Hotel British: Alain Riel blanchi

L'ex-conseiller gatinois Alain Riel n'aura pas à débourser 750 000$ pour avoir qualifié de «criminel» certains travaux entrepris à l'Hôtel British du secteur Aylmer, en 2013.
Le juge Dominic Goulet, de la Cour supérieure, a rendu sa décision lundi matin.
À l'époque, le conseiller du secteur Aylmer avait publiquement dénoncé des travaux entrepris sur le mur ouest du bâtiment historique.
« C'est criminel, avait dit le politicien. Pour le secteur, c'est notre Chez Henri », 
Chez Henri est ce bâtiment du Vieux-Hull plongé au coeur d'une saga politique et judiciaire au début des années 2000, lorsque la Ville de Gatineau et le propriétaire, Nader Dormani, étaient à couteaux tirés concernant la réfection de cet autre bâtiment historique.
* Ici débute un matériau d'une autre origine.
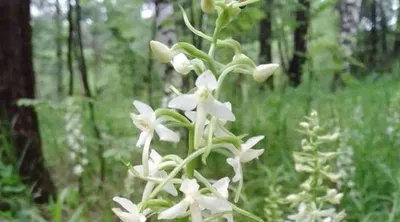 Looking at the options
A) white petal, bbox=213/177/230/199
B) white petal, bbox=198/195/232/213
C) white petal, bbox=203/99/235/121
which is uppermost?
white petal, bbox=203/99/235/121

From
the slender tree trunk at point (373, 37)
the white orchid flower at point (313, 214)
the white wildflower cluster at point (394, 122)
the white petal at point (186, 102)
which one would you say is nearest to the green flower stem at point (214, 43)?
the white petal at point (186, 102)

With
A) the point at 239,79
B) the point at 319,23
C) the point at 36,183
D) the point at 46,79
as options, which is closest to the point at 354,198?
the point at 36,183

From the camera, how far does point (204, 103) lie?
1.12 m

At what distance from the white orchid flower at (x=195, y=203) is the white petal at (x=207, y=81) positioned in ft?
0.61

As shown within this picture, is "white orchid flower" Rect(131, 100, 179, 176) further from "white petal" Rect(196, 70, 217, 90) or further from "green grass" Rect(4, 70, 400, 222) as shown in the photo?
"green grass" Rect(4, 70, 400, 222)

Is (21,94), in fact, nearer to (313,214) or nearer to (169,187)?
(313,214)

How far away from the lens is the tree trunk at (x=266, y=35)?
5.56 meters

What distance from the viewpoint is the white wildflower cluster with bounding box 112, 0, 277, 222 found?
1112 millimetres

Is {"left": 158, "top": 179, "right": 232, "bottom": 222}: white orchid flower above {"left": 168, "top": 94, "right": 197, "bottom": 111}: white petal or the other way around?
the other way around

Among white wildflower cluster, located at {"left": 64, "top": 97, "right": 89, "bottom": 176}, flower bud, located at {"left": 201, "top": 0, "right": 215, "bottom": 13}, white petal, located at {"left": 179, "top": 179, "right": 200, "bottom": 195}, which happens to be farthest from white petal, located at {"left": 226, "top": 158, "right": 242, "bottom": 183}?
white wildflower cluster, located at {"left": 64, "top": 97, "right": 89, "bottom": 176}

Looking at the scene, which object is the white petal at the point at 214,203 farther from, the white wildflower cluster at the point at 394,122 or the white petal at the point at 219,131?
the white wildflower cluster at the point at 394,122

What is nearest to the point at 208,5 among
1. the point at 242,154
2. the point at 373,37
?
Answer: the point at 242,154

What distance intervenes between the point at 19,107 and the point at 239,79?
2523mm

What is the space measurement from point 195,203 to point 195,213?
0.06 feet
À ce moment, l'Hôtel British était en réfection. Des permis de la Ville avaient été émis, mais le conseiller avait mentionné que tous les papiers officiels n'avaient pas été donnés à l'entrepreneur, concernant le mur ouest.
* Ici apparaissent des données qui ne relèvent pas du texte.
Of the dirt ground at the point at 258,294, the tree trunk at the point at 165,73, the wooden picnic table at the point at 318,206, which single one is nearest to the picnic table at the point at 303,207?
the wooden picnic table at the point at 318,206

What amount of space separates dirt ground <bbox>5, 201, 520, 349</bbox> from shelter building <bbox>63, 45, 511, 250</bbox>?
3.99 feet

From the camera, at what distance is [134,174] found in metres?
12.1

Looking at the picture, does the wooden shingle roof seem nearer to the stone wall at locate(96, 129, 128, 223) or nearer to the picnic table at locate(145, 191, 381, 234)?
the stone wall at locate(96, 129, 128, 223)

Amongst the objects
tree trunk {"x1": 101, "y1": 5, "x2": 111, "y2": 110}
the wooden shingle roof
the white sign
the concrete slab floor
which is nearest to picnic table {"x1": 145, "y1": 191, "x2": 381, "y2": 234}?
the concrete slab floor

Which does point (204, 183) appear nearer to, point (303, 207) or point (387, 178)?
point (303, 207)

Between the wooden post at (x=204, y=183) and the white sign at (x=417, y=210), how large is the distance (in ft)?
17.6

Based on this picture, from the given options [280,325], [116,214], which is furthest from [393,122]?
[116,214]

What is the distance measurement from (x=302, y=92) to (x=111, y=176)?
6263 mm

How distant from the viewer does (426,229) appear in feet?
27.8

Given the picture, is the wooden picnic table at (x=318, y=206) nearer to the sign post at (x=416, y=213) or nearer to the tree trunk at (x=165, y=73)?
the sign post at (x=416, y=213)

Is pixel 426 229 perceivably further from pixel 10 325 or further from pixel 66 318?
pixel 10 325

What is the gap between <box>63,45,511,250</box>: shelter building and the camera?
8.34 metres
« Problème de structure mon oeil », avait rajouté M. Riel.
Par la suite, Alain Riel s'est rétracté sur les ondes du 104,7 FM à l'émission L'Outaouais maintenant, du 17 juin 2013. Il a reconnu qu'il n'était pas au courant, avant de parler publiquement, que l'enlèvement du mur ouest avait été autorisé avec un permis partiel, le 24 janvier 2013.
Le propriétaire, Michael Clemann, a déposé une mise en demeure de 750 000 $ en diffamation contre Alain Riel, le 18 juin suivant.
La Ville et le propriétaire ont régularisé les documents nécessaires aux travaux du chantier, le 19 juin.
Le juge Goulet a retenu que l'utilisation du terme « criminel » était une figure de style, et que M. Clemman demeurait un homme d'affaires respectable.
L'homme d'affaires a dit lors du procès qui a eu lieu les 23, 24, et 25 janvier dernier, qu'il avait dû rassurer ses investisseurs, et qu'il était la cible de mauvaises blagues sur son commerce, en raison des propos de M. Riel.
En conclusion, le juge Goulet « est d'avis que les propos n'étaient pas diffamatoires et que la conduite du défendeur (Riel) n'était pas fautive au sens de la responsabilité civile. »
« Déçu » et « soulagé »
L'avocat de M. Clemann, Me Richard Leblanc, s'est dit « déçu » du résultat, alors que le procureur de M. Riel, Me Pierre Mc Martin, s'est montré soulagé du verdict du juge. Pour Me Mc Martin, les élus ont le droit et le devoir de prendre la parole en public. 
Bien que le propriétaire du British ait 30 jours pour en appeler de la décision, son avocat ne croyait pas, lundi, qu'un tel recours soit entamé.